Question

Sixth-five percent of a number is 21 less than four-fifth of that number. What is the number?

Answer 1

Hint:
Here, we need to find the number such that \[65\% \] of it is 21 less than four-fifth of the number.

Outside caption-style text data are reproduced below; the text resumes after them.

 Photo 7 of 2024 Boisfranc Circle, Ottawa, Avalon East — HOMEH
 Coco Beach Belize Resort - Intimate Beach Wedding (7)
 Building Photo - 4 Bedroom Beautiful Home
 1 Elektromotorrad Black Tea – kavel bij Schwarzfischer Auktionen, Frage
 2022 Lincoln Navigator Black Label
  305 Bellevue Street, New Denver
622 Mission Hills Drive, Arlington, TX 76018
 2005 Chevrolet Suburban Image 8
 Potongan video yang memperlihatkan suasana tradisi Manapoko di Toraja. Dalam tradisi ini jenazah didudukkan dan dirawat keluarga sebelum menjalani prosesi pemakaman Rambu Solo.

We will assume the number to be \[x\]. We will apply the given operations on \[x\] to form a linear equation in terms of \[x\]. Then, we will solve this equation to find the value of \[x\] and hence, find the required number.

Complete step by step solution:
Let the number be \[x\].
We need to apply the given operations on the number \[x\] to obtain a linear equation in terms of \[x\].
First, we will find \[65\% \] of the number.
\[65\% {\rm{ of }}x = \dfrac{{65}}{{100}} \times x = \dfrac{{65x}}{{100}}\]
Simplifying the expression, we get
\[65\% {\rm{ of }}x = \dfrac{{13x}}{{20}}\]
Now, we will find the four-fifth of the number.
\[{\left( {\dfrac{4}{5}} \right)^{{\rm{th}}}}{\rm{of }}x = \dfrac{4}{5} \times x = \dfrac{{4x}}{5}\]
Now, it is given that \[65\% \] of the number is 21 less than \[{\left( {\dfrac{4}{5}} \right)^{{\rm{th}}}}\]of that number.
Thus, we get
\[65\% {\rm{ of }}x = \left[ {{{\left( {\dfrac{4}{5}} \right)}^{{\rm{th}}}}{\rm{of }}x} \right] - 21\]
Substituting \[65\% {\rm{ of }}x = \dfrac{{13x}}{{20}}\] and \[{\left( {\dfrac{4}{5}} \right)^{{\rm{th}}}}{\rm{of }}x = \dfrac{{4x}}{5}\], we get the equation
\[ \Rightarrow \dfrac{{13x}}{{20}} = \dfrac{{4x}}{5} - 21\]
We will solve this equation to get the value of \[x\] and hence, find the number.
Rewriting the equation, we get
\[ \Rightarrow \dfrac{{4x}}{5} - \dfrac{{13x}}{{20}} = 21\]
The L.C.M. of 5 and 20 is 20.
Taking the L.C.M., we get
\[ \Rightarrow \dfrac{{16x - 13x}}{{20}} = 21\]
Subtracting the terms, we get
\[ \Rightarrow \dfrac{{3x}}{{20}} = 21\]
Multiply both sides by 20, we get
\[\begin{array}{l} \Rightarrow \dfrac{{3x}}{{20}} \times 20 = 21 \times 20\\ \Rightarrow 3x = 420\end{array}\]
Dividing both sides by 3, we get
\[ \Rightarrow \dfrac{{3x}}{3} = \dfrac{{420}}{3}\]
Thus, we get the value of \[x\] as
\[ \Rightarrow x = 140\]
\[\therefore \] We get the number as 140.
We can verify our answer by applying the stated operations on the number 140.
\[65\% {\rm{ of 140}} = \dfrac{{65}}{{100}} \times 140 = \dfrac{{9100}}{{100}} = 91\]
\[{\left( {\dfrac{4}{5}} \right)^{{\rm{th}}}}{\rm{of 140}} = \dfrac{4}{5} \times 140 = 4 \times 28 = 112\]
We can observe that \[91 = 112 - 21\].

Thus, the \[65\% \] of 140 is 21 less than \[{\left( {\dfrac{4}{5}} \right)^{{\rm{th}}}}\]of 140.
Hence, we have verified our answer.

Note:
We have used the given information to form a linear equation in one variable in terms of \[x\] in the solution. A linear equation in one variable is an equation that can be written in the form \[ax + b = 0\], where \[a\] is not equal to 0, and \[a\] and \[b\] are real numbers. A linear equation of the form \[ax + b = 0\] has only one solution.